I then ended the day with learning some more Korean and French as always and then I wrote done a draft of a possible monologue. This was inspired by my most recent visit to the flying circus and how why music is not just a job but how it can bring people together. I’m hoping to take a risk when applying for this years actors jam but also get people to pause and reflect. And I’m hoping that if I get selected for this piece I can do just that.

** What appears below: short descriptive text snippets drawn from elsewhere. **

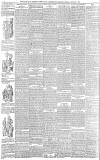 Leicester Chronicle Saturday 03 February 1900 Page 10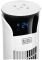 ΑΝΕΜΙΣΤΗΡΑΣ ΠΥΡΓΟΣ BLACK & DECKER BXEFT49E ΜΕ ΤΗΛΕΧΕΙΡΙΣΤΗΡΙΟ ΑΝΕΜΙΣΤΗΡΑΣ ΠΥΡΓΟΣ BLACK & DECKER BXEFT49E ΜΕ ΤΗΛΕΧΕΙΡΙΣΤΗΡΙΟ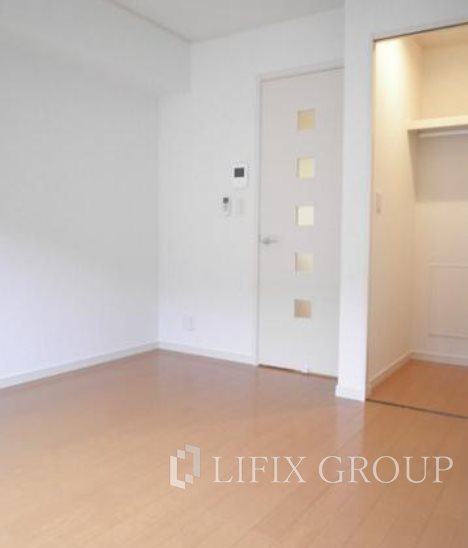 居室・リビング　居室・リビング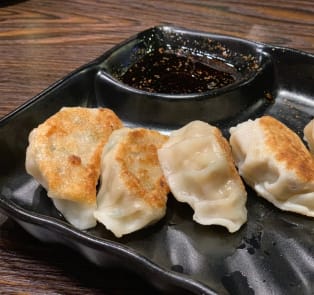 Unryutei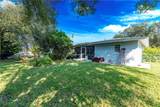 5222 Glade Court - Photo 40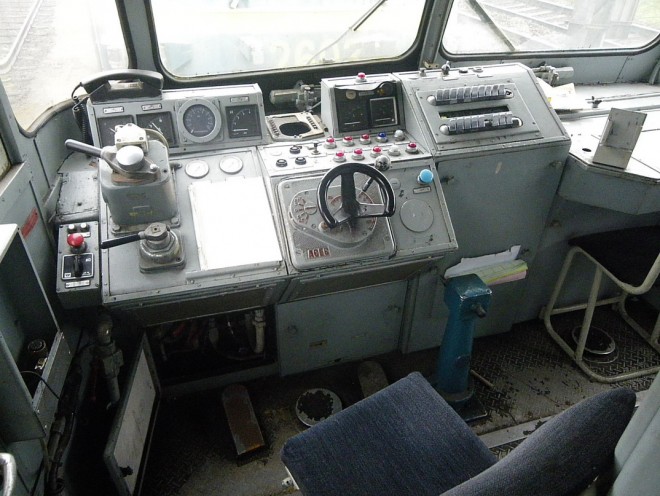 IMGP1277.JPG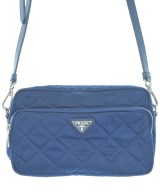 PRADA ショルダーバッグ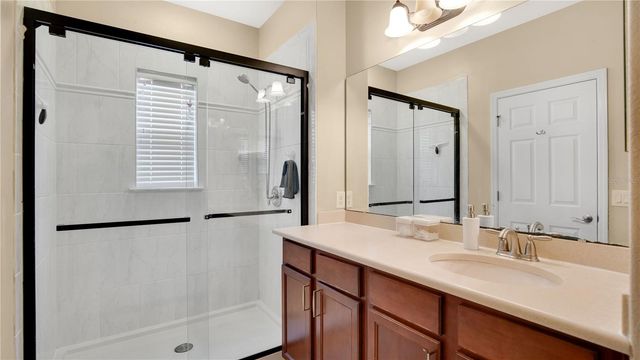 628 PENSACOLA LANE, Lake Mary, FL 32746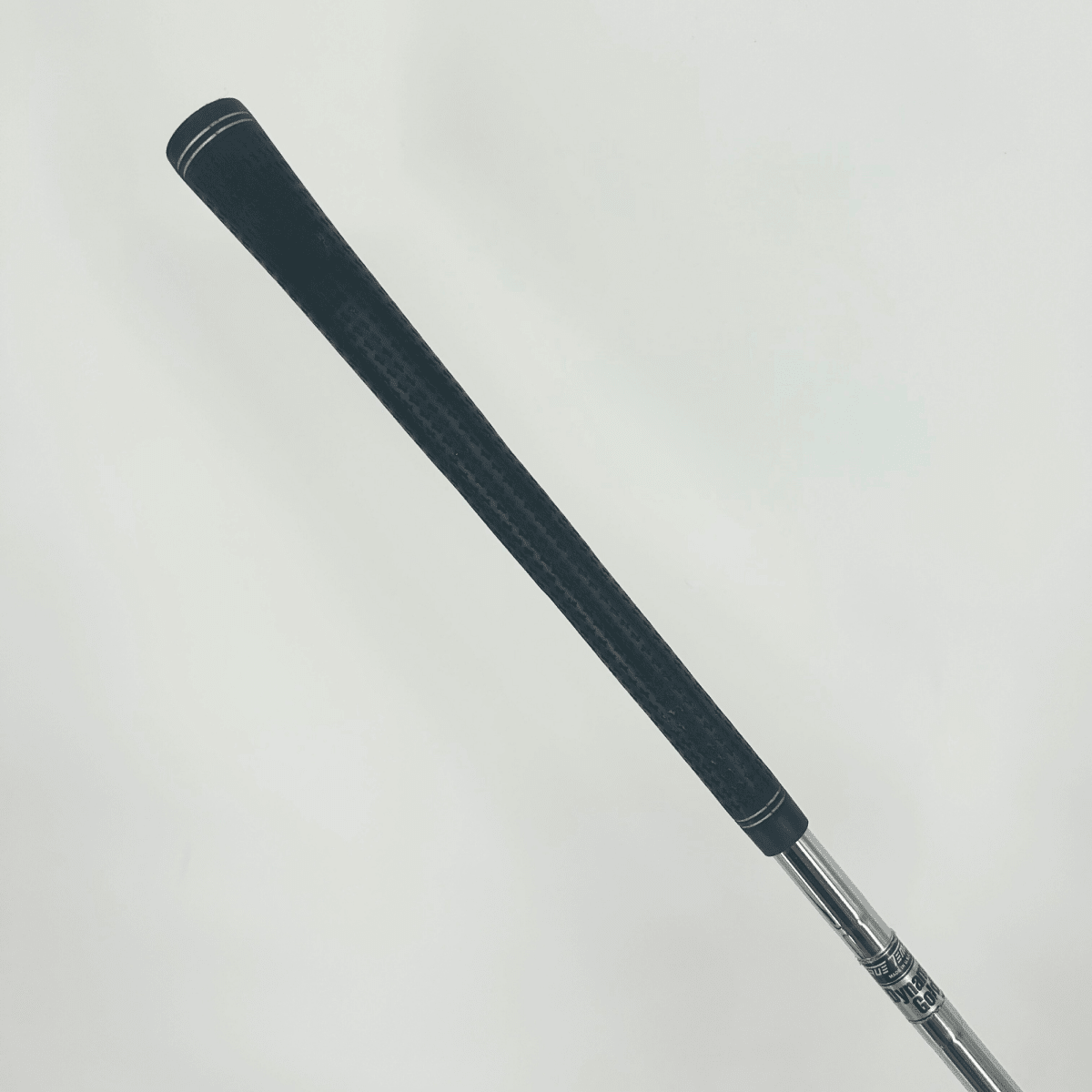 Cleveland RTX - 3 Left Handed Lob Wedge / 60 Degree / Dynamic Gold Wedge Flex Shaft - Cleveland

Wednesday: Wednesday was a strange one. Instead of listening to The Diary of A CEO on the way to the gym I researched some lines for my audition for the importance of being Ernest and listened to multiple songs on the way back. It was weird, but maybe my mind wasn’t in the right place to listen to the podcast. And that’s okay. As maybe I needed a break from listening to the podcasts so that when I start it again my mind can be fully focused. It’s like taking some test days at the gym and then when I come back to it I’m stronger and more motivated.

I then filmed some reshoots of my Some Like It Notts sketch. I got it done quicker than I expected, with just one more shot left to do, which will only take me 5 minutes max.


I then had the mammoth task of editing my Security Guard sketch! Boy what a task that was! And it looks like I’ll need to split it into a 2 parter for twitter/X and TikTok. Even though that was the plan anyway I’m dreading the outcome! But the footage I got was fantastic and I can’t wait to get started.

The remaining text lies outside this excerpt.